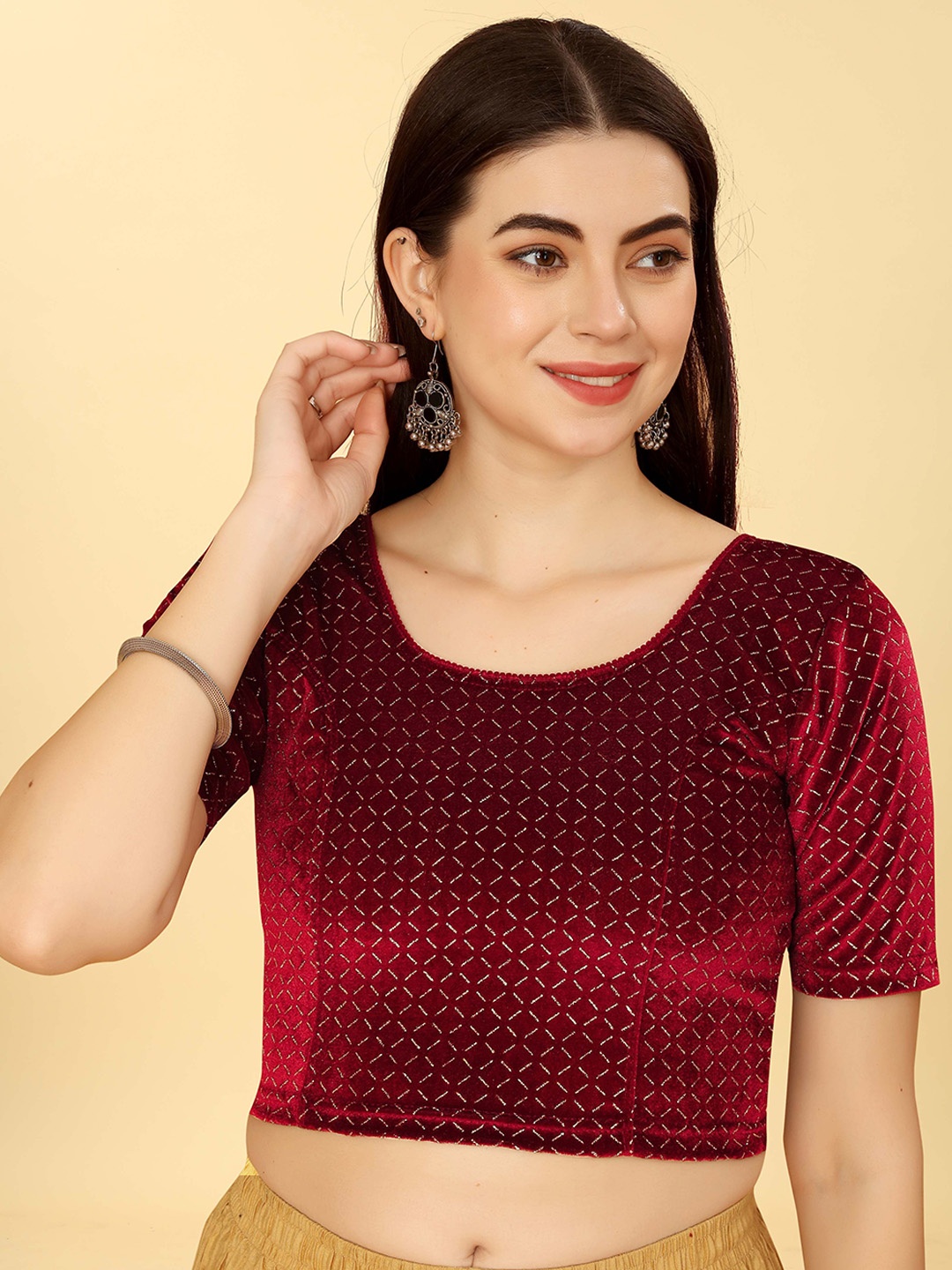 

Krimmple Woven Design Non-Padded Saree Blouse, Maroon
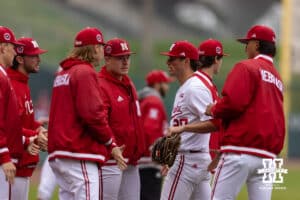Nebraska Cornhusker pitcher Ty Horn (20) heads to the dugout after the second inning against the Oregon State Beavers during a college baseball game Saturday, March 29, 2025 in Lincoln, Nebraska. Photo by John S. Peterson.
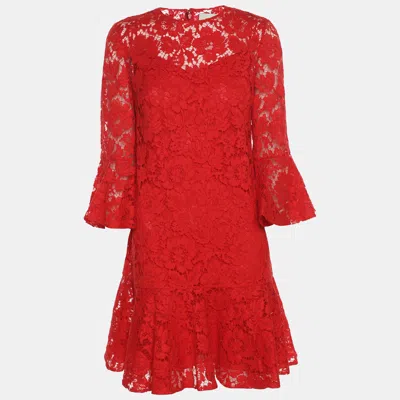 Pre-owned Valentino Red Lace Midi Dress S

__WHAT YOU ARE ASKED TO DO__. Exact copy, no pictures: please print the data above once more.

__ANSWER TO THE EXERCISE__.
Krimmple Woven Design Non-Padded Saree Blouse, Maroon
Nebraska Cornhusker pitcher Ty Horn (20) heads to the dugout after the second inning against the Oregon State Beavers during a college baseball game Saturday, March 29, 2025 in Lincoln, Nebraska. Photo by John S. Peterson.
 Pre-owned Valentino Red Lace Midi Dress S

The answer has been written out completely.